[Exercise] Reproduce from the records below, with no pictures, exactly the lines between the one containing "FF Tesco White" and the one containing "Eczane, ilaç ve", inclusive.

[Source material]
#####
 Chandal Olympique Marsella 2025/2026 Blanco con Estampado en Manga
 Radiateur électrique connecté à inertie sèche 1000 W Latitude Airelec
#####
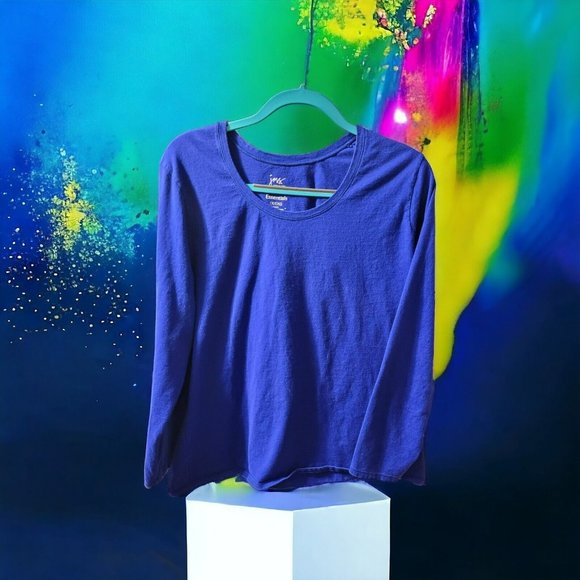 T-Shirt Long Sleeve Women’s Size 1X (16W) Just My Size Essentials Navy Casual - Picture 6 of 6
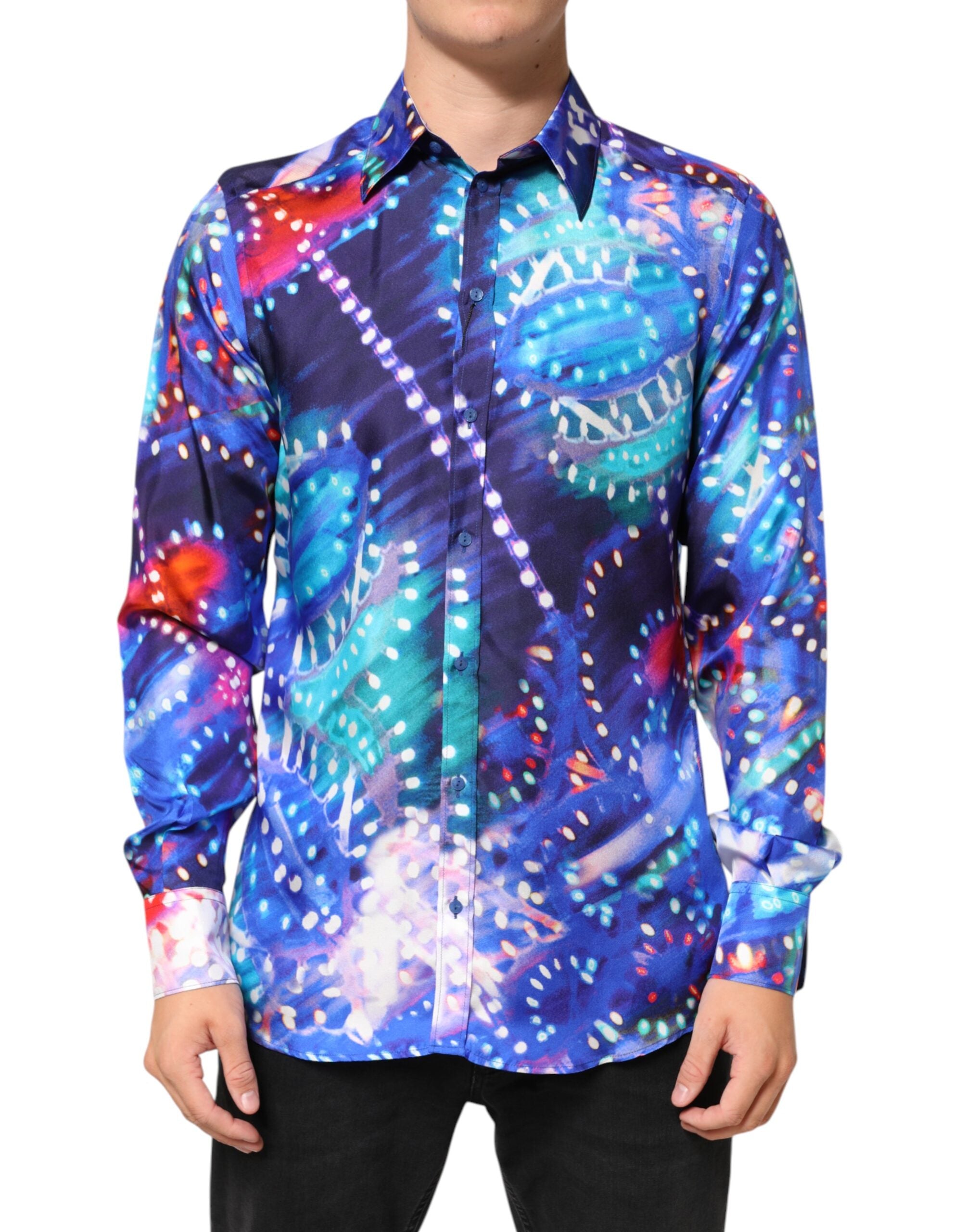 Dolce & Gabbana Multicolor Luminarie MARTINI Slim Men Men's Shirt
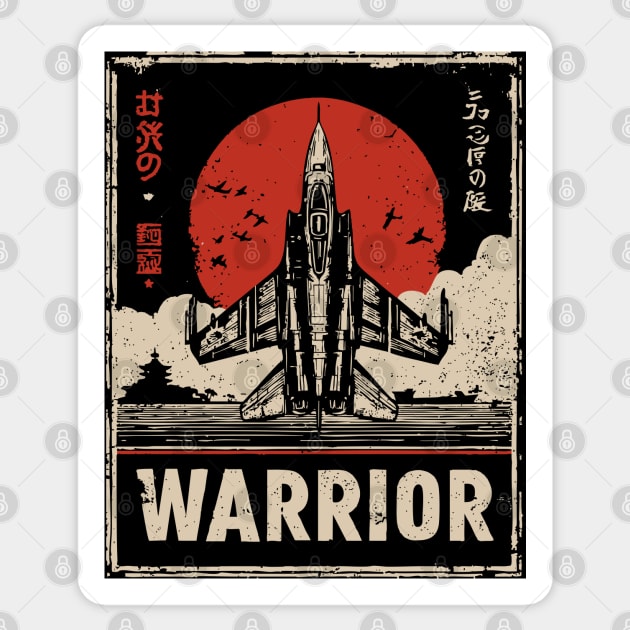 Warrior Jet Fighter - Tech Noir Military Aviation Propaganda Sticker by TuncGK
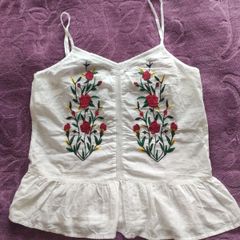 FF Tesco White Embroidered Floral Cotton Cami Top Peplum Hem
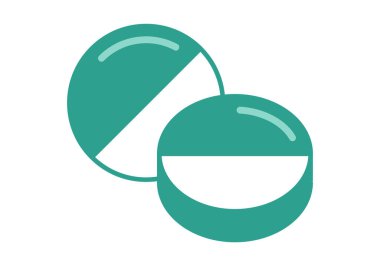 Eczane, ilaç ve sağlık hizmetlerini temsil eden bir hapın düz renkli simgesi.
#####
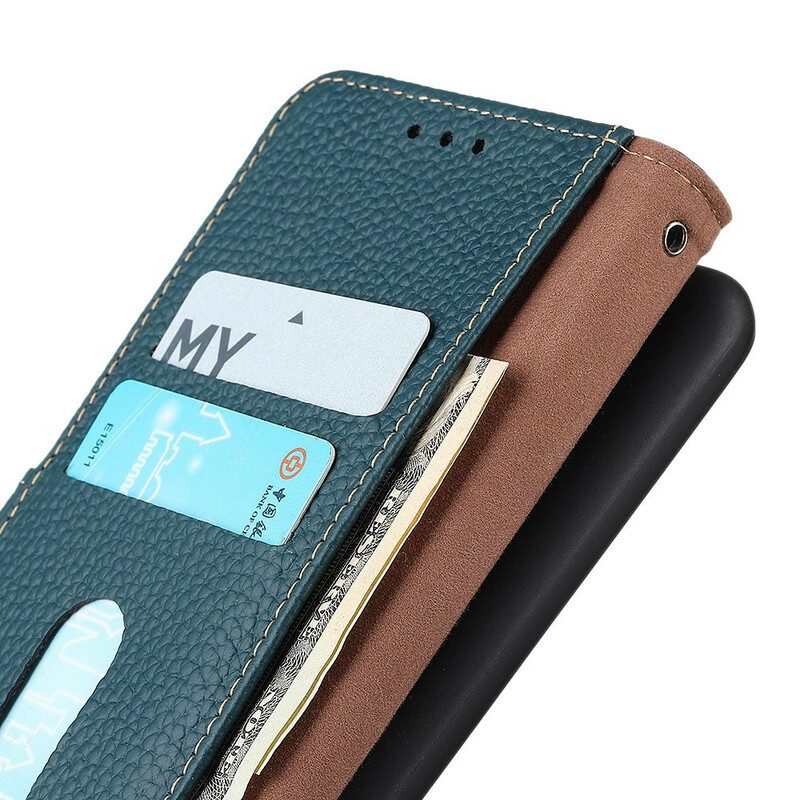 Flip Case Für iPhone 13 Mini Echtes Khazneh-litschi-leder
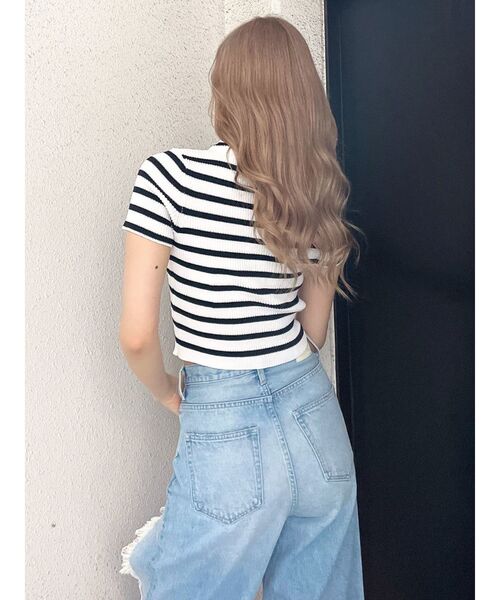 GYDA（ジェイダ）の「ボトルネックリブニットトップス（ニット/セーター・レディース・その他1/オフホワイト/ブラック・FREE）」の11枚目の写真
#####
[Solution to the problem]
 FF Tesco White Embroidered Floral Cotton Cami Top Peplum Hem
 Eczane, ilaç ve sağlık hizmetlerini temsil eden bir hapın düz renkli simgesi.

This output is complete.